◆ **Work request**:
Each line below needs to be returned exactly. Skip any picture.

◆ **Data for the task**:
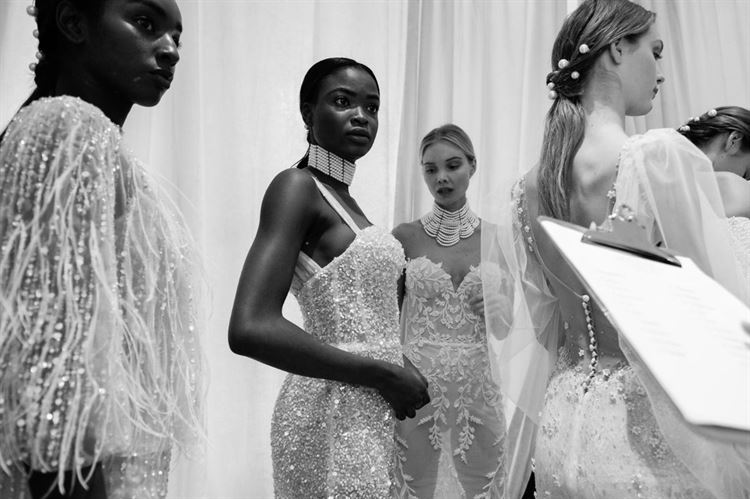 על קו הזינוק: לי גרבנאו פותחת את אירועי שבוע האופנה 9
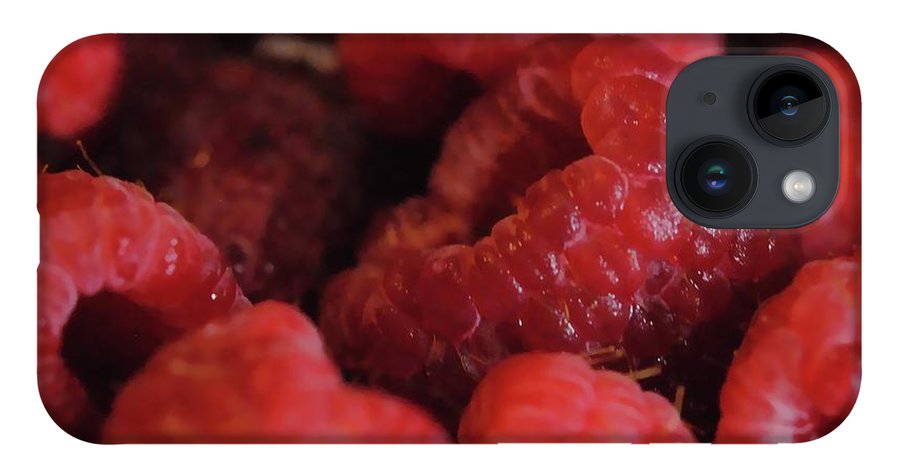 Raspberries - Phone Case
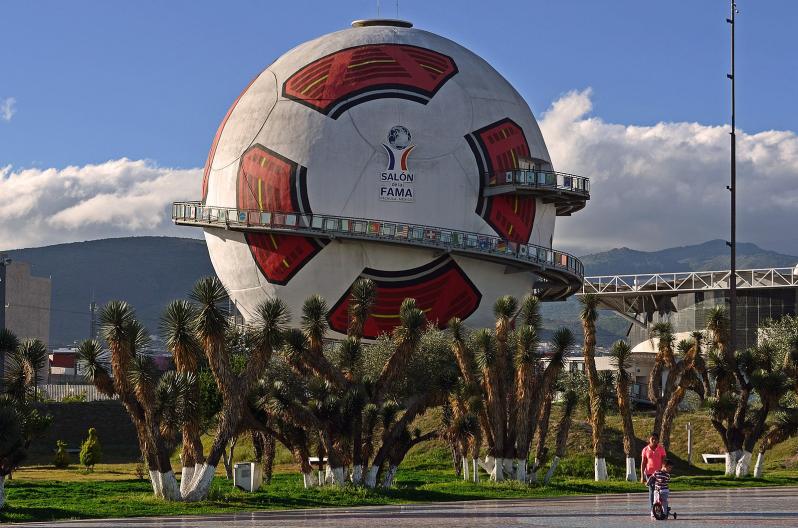 World Soccer Hall of Fame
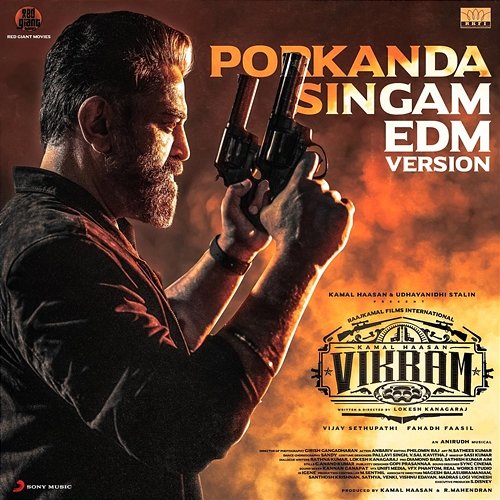 Porkanda Singam (EDM Version) Anirudh Ravichander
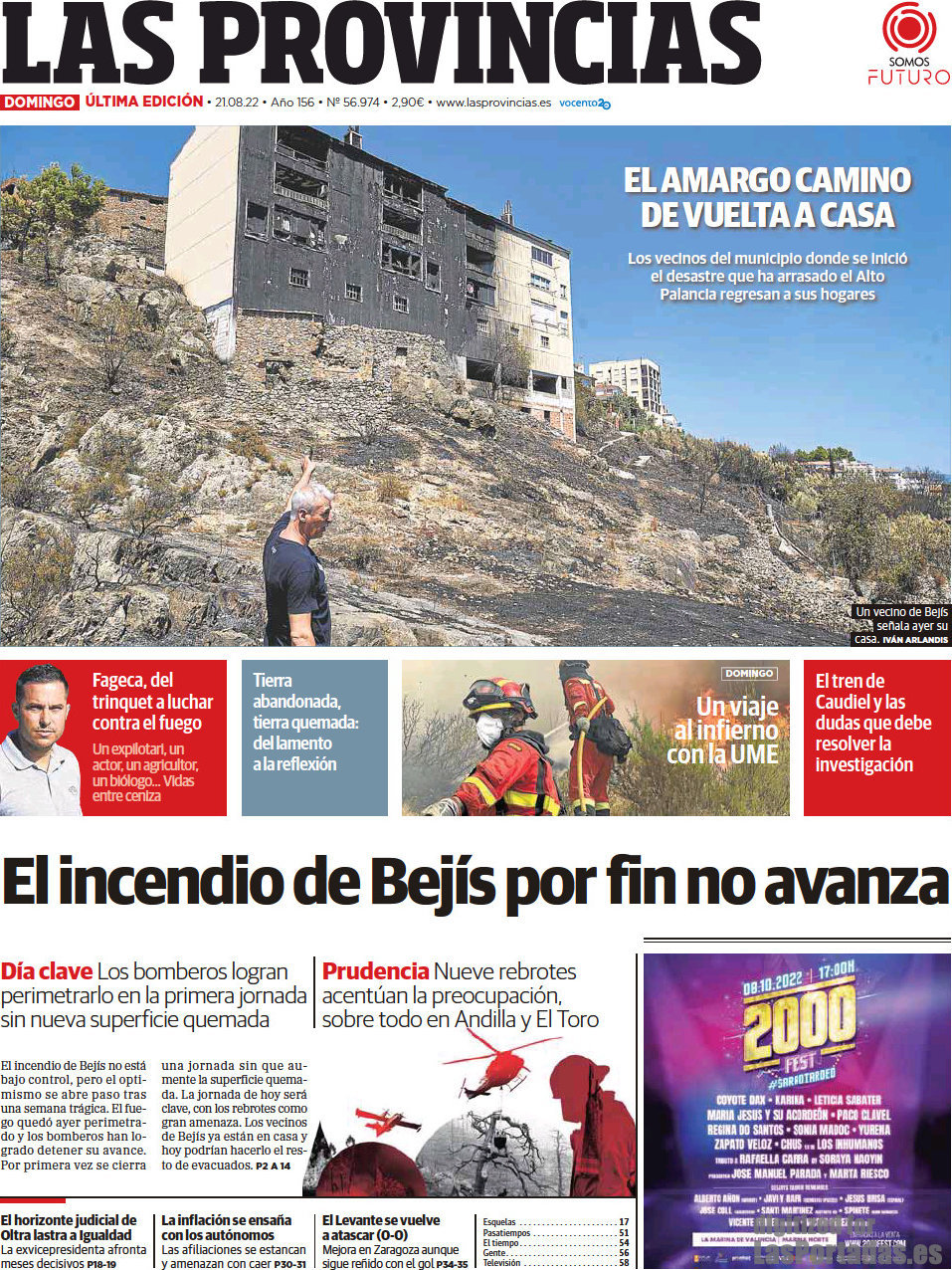 Las Provincias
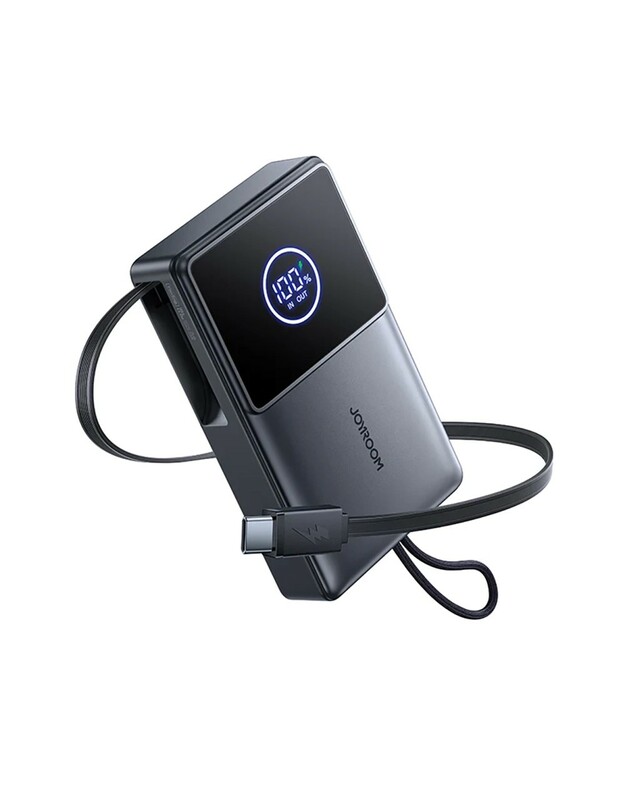 Išorinė baterija Power Bank Joyroom JR-PR1 22.5W 10000mAh juoda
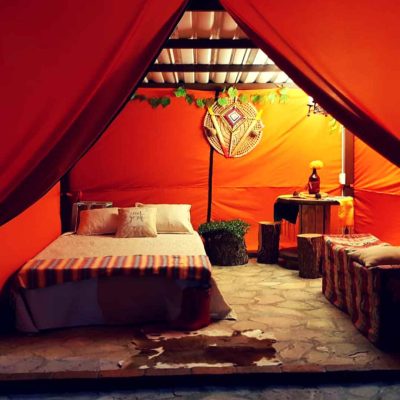 Glamping Delux Santander  mesa de los santos
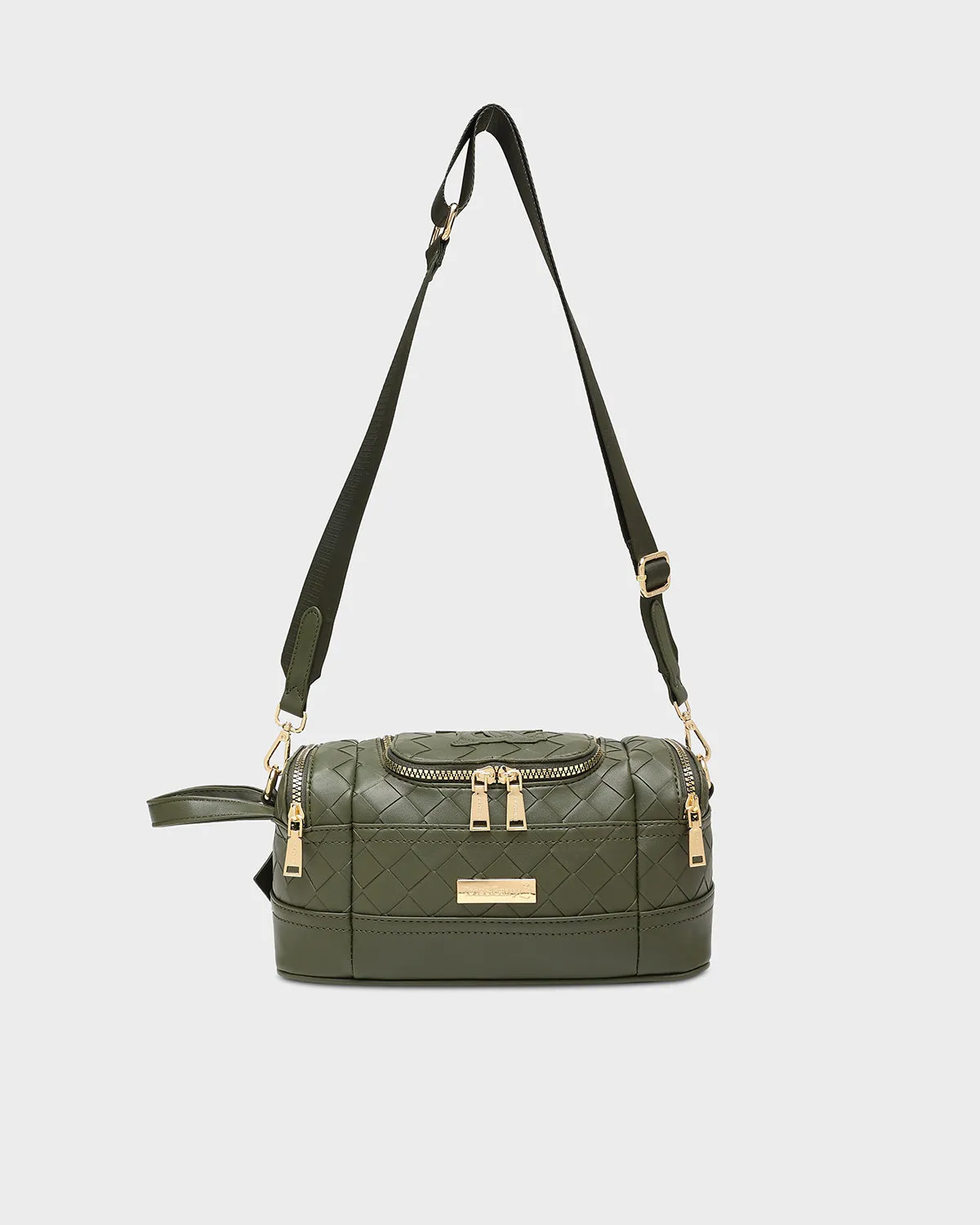 Bodega Toiletry Bag in Olive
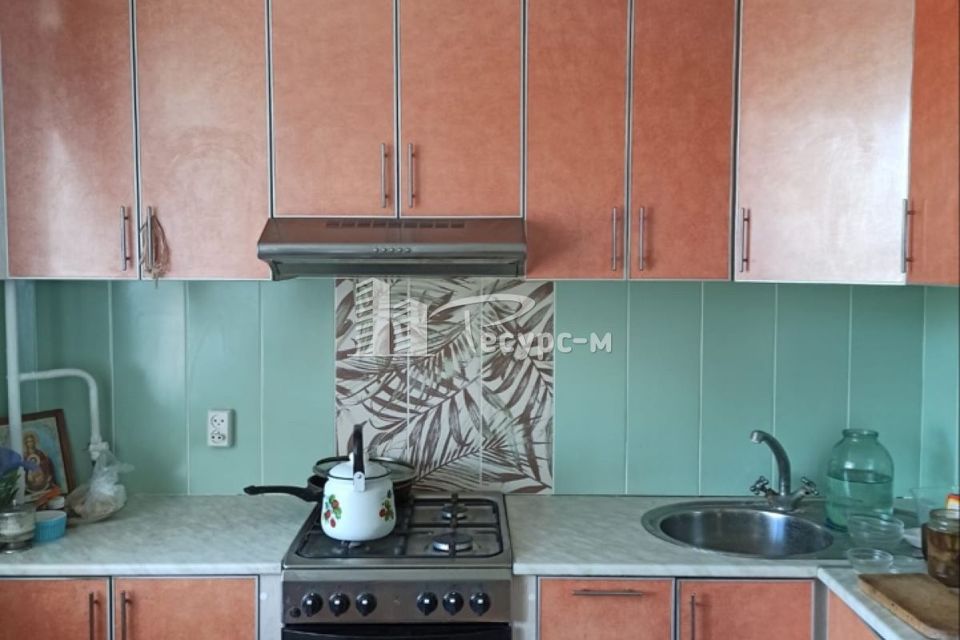 Продаётся 1-комнатная квартира, 32.1 м²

◆ **Answer to this problem**:
 על קו הזינוק: לי גרבנאו פותחת את אירועי שבוע האופנה 9
 Raspberries - Phone Case
 World Soccer Hall of Fame
 Porkanda Singam (EDM Version) Anirudh Ravichander
 Las Provincias
 Išorinė baterija Power Bank Joyroom JR-PR1 22.5W 10000mAh juoda
 Glamping Delux Santander  mesa de los santos
 Bodega Toiletry Bag in Olive
 Продаётся 1-комнатная квартира, 32.1 м²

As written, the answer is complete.